I read Edward Tufte’s book The Visual Display of Quantitative Information, and afterwards I was burning to visualize some data. I settled on charting the time of day that I make phone calls at.


the graphic

call graphicThinking about this data, it occurred to me that a simple bar chart or histogram would be inappropriate, because I’d have to choose some arbitrary point at which to start drawing the bars, say midnight, with the result that 11pm would end up on the other side of the chart. That would be wrong, because in reality one comes right after the other. To solve that problem, I decided to plot my calls in a circle. The result is that the angular distance between two data measures on the chart corresponds directly with their temporal distance (fancy term isn’t it?).

Similarly, the “small multiple” (Tufte’s term) plots for each weekday are arranged in a flattened clockwise loop to keep temporally adjacent days near to each other.

Initially, I envisioned this plot as a circular histogram, and that’s how I coded it. Then I had the idea of making those small multiple plots for the individual days, and I realized that I’d need to use a consistent scale for comparisons between those plots to be meaningful. So it turned into a circular bar chart.
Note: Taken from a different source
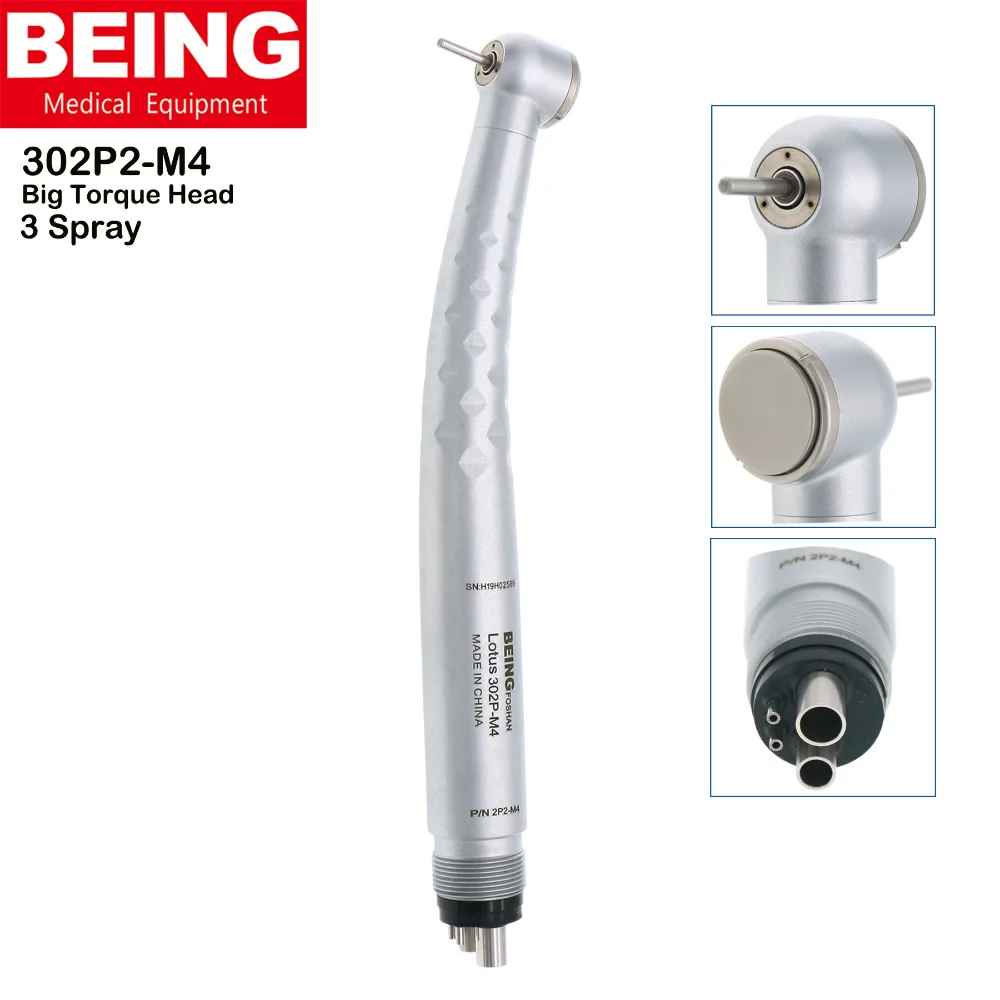 

BEING Dental Torque Head Push Button 3 Water Spray System High Speed Handpiece Lotus 302P M4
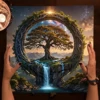 Tree of Life Tarot Card Tablecloth Polyester Starry Sky Lake View Altar Cloth Witchcraft Pagan Divination Witch Home Room Decor 2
I liked the way that looked, but one of Tufte’s points kept nagging me: he says that the amount of visual real-estate you give to the representations of your data points should be directly proportional to the magnitude of those data points (I’m paraphrasing, accurately I hope). Looking at my circular bar chart, I realized that I was violating that principle, and that he was right about it. I varied the radius of each circular “bar” in proportion to the amount of calls during the corresponding hour, but the area of a pie slice (segment of a circle) is proportional to the square of the radius of the pie. That means that the area of the circular bar for an hour with 5 calls would be less than half the area for the circular bar representing 10 calls. So I scrapped the bars in favor of lines; they’re one-dimensional, and so are the data they represent.

The lines for daytime hours are colored in shades of yellow, and nighttime ones in shades of blue. Tufte says that most people can distinguish blue from other colors, even if they’re colorblind, and as a bonus, there’s some semantic relationship between those colors and the hours of the day they correspond with (skycolor). Unfortunately the yellow is hard to see against a white background. Expletive deleted.

the making of

To get at my phone’s call data, I mangled mrflip’s perl code for extracting the SQLite database from the iphone’s backup files (see this thread). Then I put together some python scripts to digest the call data into a form that’s conducive to charting and send it down the pipeline to a buggy little piece of Processing code that draws the actual graphics. The bugs have to do with the calculation of the low, median, and high values that are labeled on the charts, but I touched up the graphic in Photoshop to mask the issues.

That cover-up was a profound philosophical moment for me. I had the option of tightening my code to handle all cases, pass all unit tests (hah! as if I wrote those), and be prepared for use by total strangers. But as the gears in my mind spun up to design this bulletproof algorithm, the monkeywrench of cool rationality fell in. Taking that code from functional with bugs to bugless would have taken a disproportionate amount of time. I’m ok with mostly bugless, because this code is throwaway; it was just a tool I made as one step in the process of generating the chart.

This is what I like most about being able to code: if I don’t have the tools I need to make something, I can make the tools.